What is propaganda when it does not look or feel like propaganda, and when it definitely does not stick to the script?
Jack Delano was one of the Artist Photographers handpicked for the Farm Security Administration, a New Deal agency. While FSA clients — farmers — received loans and resettlement opportunities, the photographers were tasked with essentially documenting where that money was going and why it needed to be spent. The publicity photos focusing on rural America ran in newspapers at the time; at the time, they were conceived as public domain photos.
Later, FSA photographers would be reassigned to the Office of War Information, depicting the World War II mobilization.
Roy Stryker, who served as manager of the FSA Information Division, prepared shooting scripts for the photographers. Jack Delano treated the scripts as “only suggestion,” said his son and the exhibit’s co-curator, Pablo Delano. Other photographers, he said, felt these instructions were literal and constraining.

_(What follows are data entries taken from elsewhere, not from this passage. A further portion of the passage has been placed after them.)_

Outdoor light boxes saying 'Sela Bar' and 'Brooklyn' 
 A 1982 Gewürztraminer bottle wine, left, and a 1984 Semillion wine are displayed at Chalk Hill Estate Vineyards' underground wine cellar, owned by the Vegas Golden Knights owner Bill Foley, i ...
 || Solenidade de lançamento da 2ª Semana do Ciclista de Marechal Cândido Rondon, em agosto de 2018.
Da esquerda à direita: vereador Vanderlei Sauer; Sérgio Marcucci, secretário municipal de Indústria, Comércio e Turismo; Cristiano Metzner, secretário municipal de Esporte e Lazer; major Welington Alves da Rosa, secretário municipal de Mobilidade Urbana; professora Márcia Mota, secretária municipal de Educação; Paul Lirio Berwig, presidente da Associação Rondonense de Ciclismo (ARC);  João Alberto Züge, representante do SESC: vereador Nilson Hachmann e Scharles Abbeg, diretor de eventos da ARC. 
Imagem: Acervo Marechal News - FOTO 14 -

Last week in Trinity College’s Widener Gallery, Jack Delano Photographer: A Centennial Celebration Exhibition (1914-1997) opened, despite the snow storm that shut down much of Connecticut the previous day.
The 42 pieces on display include subjects in Puerto Rico, Vermont, Georgia, Alabama, North Carolina, Illinois, Pennsylvania, and Connecticut. All photographs were taken in the 1940’s.
The Connecticut photos show tobacco and poultry farmers, a Quaker’s Thanksgiving, and Stonington. His works depicting the American South are bleaker.
Jack Delano’s photography will be on display through March 14, 2014 in Widener Gallery. The gallery, inside of Austin Arts Center, is open from 1-6pm, closed on Saturdays.
In conjunction with this exhibit, the Latin American & Iberian Film Festival and Hispanic Studies Program will be co-sponsoring a free screening of Autógrafo: Jack Delano, 1959 and Los Peloteros, 1951. The first is a short bio of Delano; the latter is a feature film that is directed by him and includes original music that he composed. These will be shown at 7pm on March 5, 2014 in the Boyer Auditorium of the Life Sciences Center at Trinity College. This is free and open to the public.